**INPUT:**
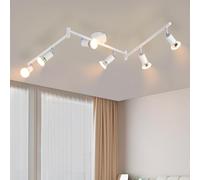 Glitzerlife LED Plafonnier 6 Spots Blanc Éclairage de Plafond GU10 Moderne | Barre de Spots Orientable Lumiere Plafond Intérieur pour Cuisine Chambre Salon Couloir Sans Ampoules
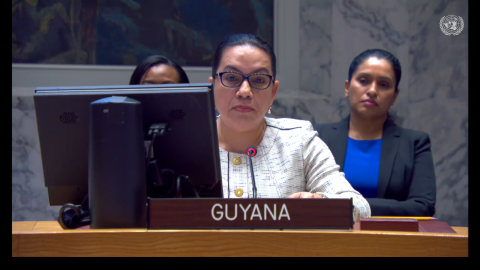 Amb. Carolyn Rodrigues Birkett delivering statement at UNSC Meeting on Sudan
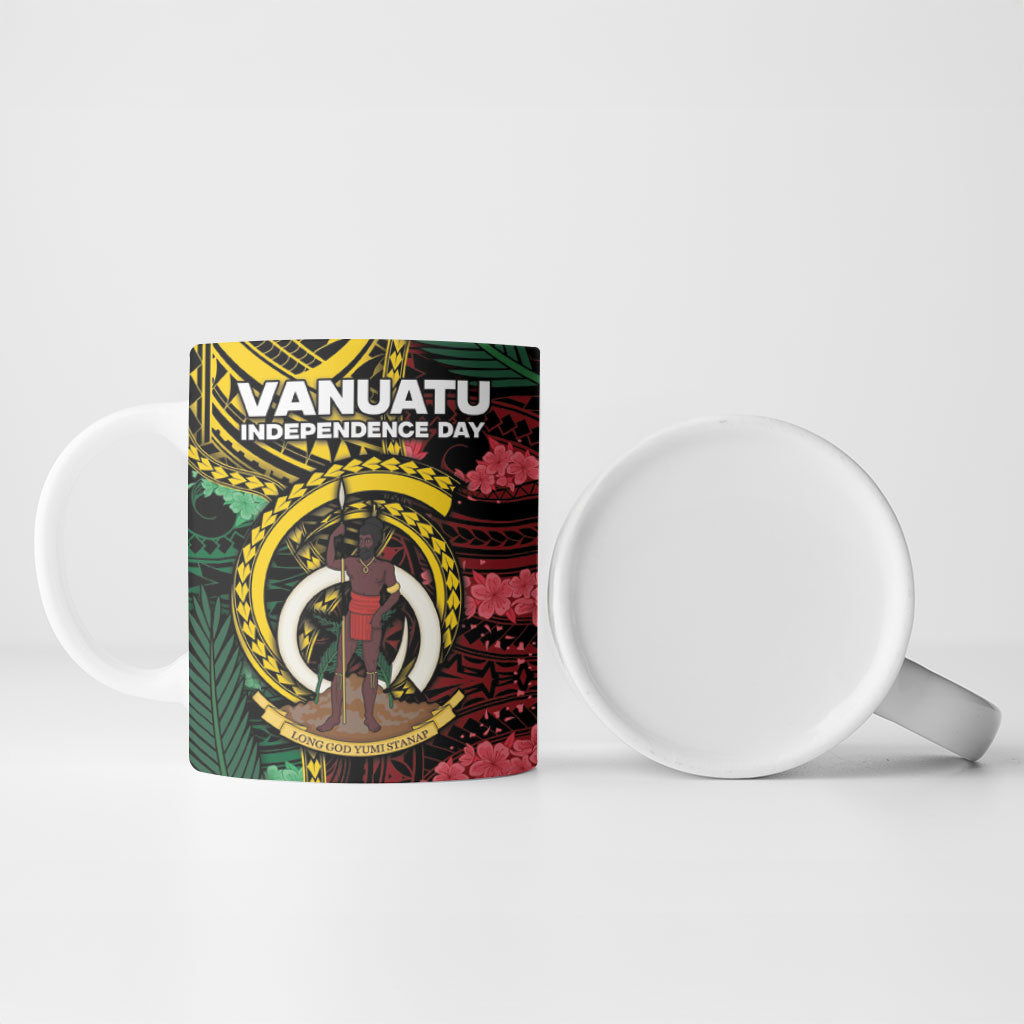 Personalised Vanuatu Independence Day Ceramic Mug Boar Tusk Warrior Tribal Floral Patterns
...
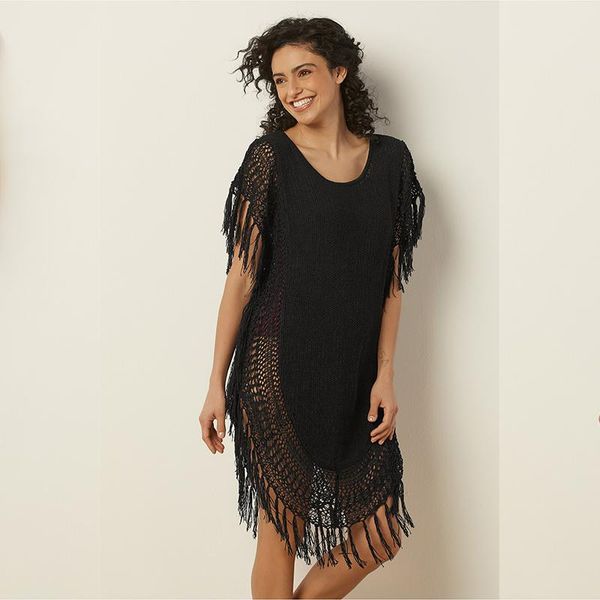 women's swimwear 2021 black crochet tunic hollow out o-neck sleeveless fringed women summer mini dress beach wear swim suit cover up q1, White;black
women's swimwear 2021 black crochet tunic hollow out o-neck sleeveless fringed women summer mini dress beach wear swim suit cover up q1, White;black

**TASK BRIEF:**
Your answer must be everything above from the line with "Glitzerlife LED Plafonnier" down to the line with "Personalised Vanuatu Independence", word for word, and no pictures.

**WRITTEN SOLUTION:**
 Glitzerlife LED Plafonnier 6 Spots Blanc Éclairage de Plafond GU10 Moderne | Barre de Spots Orientable Lumiere Plafond Intérieur pour Cuisine Chambre Salon Couloir Sans Ampoules
 Amb. Carolyn Rodrigues Birkett delivering statement at UNSC Meeting on Sudan
 Personalised Vanuatu Independence Day Ceramic Mug Boar Tusk Warrior Tribal Floral Patterns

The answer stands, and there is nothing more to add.